If I describe the following scene: “A sailor bends a nurse in her white uniform back on his arm and kisses her,” a single image comes to mind. We know that the man and the woman are complete strangers, the place particular, the moment exuberant and we know the reason why. Alfred Eisenstadt took that photograph in Times Square more than seventy-five years ago. Yet there is hardly a person who does not know it. Even those born long after the photographer himself was gone. Cartier-Bresson said what photos like this capture is, The Decisive Moment. I owe him a great deal. The Decisive Moment is the progenitor of the work I am doing now. For years I tried to create its equivalent in my photographs of wild animals. The images at their best were compelling. But not decisive. Finally, I realized the concept is valid only when we are speaking of human beings. Not because of some spectacular quality we possess. Rather, out of our ignorance. The only creature we know sufficiently well to find the moment that is decisive is ourselves. We know how we behave, what our behavior means, sometimes even so far as to the place and the time from a single photograph. In other words we know the context. We know it intimately. Every attitude and gesture. We are drawn to us because we know us. 

Beauty, the ineffable beauty of the Natural World also attracts and compels and leads to the presumption that here too, we know; and therefore go on to assume that any beautiful image is iconic. Not so. Not even when it comes to landscape. Monet painted his famous haystacks at similar times of day in subtly changing light at least thirty times. He complained of the near impossibility of the task. One haystack however beautiful does not tell us nearly enough. We need to see – held up in front of us – what went before and during and what came after.

With Nature as a whole and wild animals in particular, presentation of a single frame cannot convey the story but in fact misleads despite the photographer’s honest intent. Acquisition of a large volume of sequential raw images is a challenge but finally, a matter of technique. Cooking the raw is the Magic. It is the only way I know to grasp the totality, to see the Natural World as its wild inhabitants see it. I call the result The Decisive Sequence. 

When it comes to living things the final product of this bricolage is Inclusion. Logic, reason and doubt; love and fear and loyalty; reprimand, apology and acceptance, it is all there and all in plain sight. 

Eyes make the Face. We are the Animals with Faces. Paper wasps to blue whales. Together we are outweighed by diatoms, vastly outnumbered by nematoid worms. Eyes have been here at most one eighth of the time life has been on earth, us only for an eyeblink. And we are very much alike if for no other reason than behind these many different forms and formulations of eyes and faces is where consciousness for all Kind resides. Too much time and ink has been spent on the differences. Animals look us in the eye. We look them in the eye. What is that if not recognition?

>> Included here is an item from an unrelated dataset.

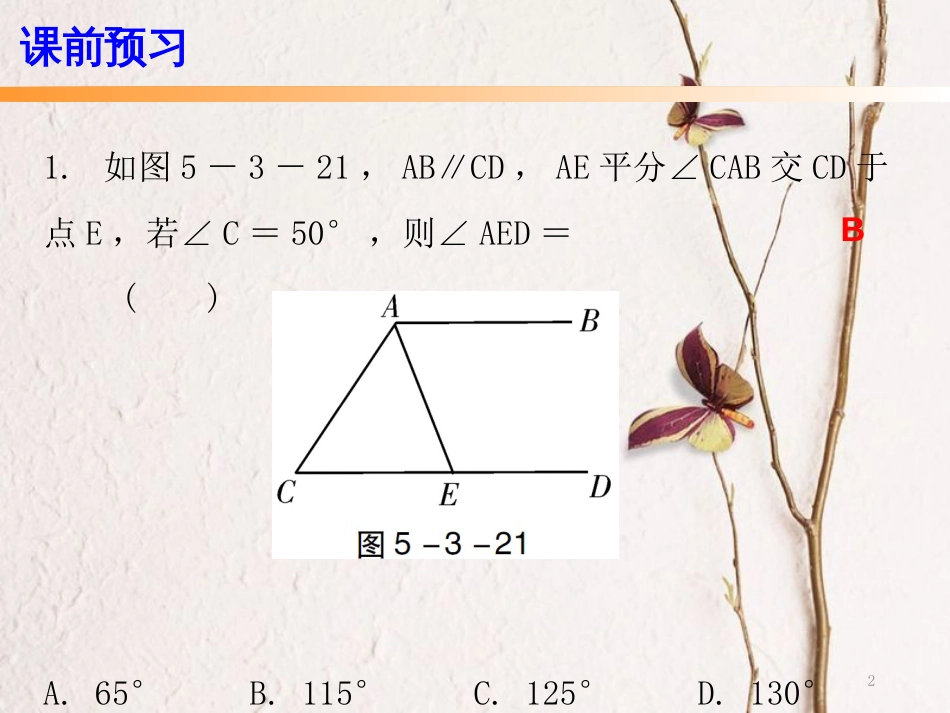 七年级数学下册 第五章 相交线与平行线 5.3 平行线的性质 5.3.1 平行线的性质 第2课时 平行线的性质（二）课件 （新版）新人教版_第2页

We are Them, they are Us. If they cease to exist, we cease to be Human. 

*

* * *

*

Pas de Deux
Bosque del Apache National Wildlife Refuge



The takeoff of this mated pair of sandhill cranes is pure form. No one frame conveys the shape nor the extent. Bodies in tense preparation, the first springing step from the icebound pond to the last when gravity is broken, we have to see them all. Wings up. Wings down. The thrust of a foot splashing through ice and the rebound captured in a separate moment. It is Tallchief and Nureyev, Fred Astaire and Ginger Rogers, Baryshnikov and Kirkland.

Beauty, the ineffable beauty of wild things is what draws us to Nature. Not as a mere aesthetic but an inexorable, irresistible longing, one that derives out of recognition. In the Natural World the beauty we perceive is its likeness to ourselves. It is not the color of sunrise or sunset but its resonance, somewhere deep inside us. We are part of it, it is part of us, as vital to our being as air and water and blood. Take that from us, we are diminished from close and present to the vanishing point. The dungeon is a cruel punishment not only for its isolation but because it has no windows. Dehumanization can also be achieved when the windows are there but there is nothing outside to see. The end of the Natural World will be a solitary confinement without end. And you must prevent it. You must.

“I believe in beauty. I believe in stones and water, air and soil, people and their future and their fate.”  – Ansel Adams

Razzle Dazzle
Maasai Mara, Kenya



Why do zebra make themselves so abruptly, completely apparent? It was recently proposed that biting insects are dissuaded by stripes. If true then incidental. What zebra fear is not being nibbled but being eaten, whole. Stripes are the solution to that larger risk. However, their function cannot be understood in the person of a single zebra much less a single frame. 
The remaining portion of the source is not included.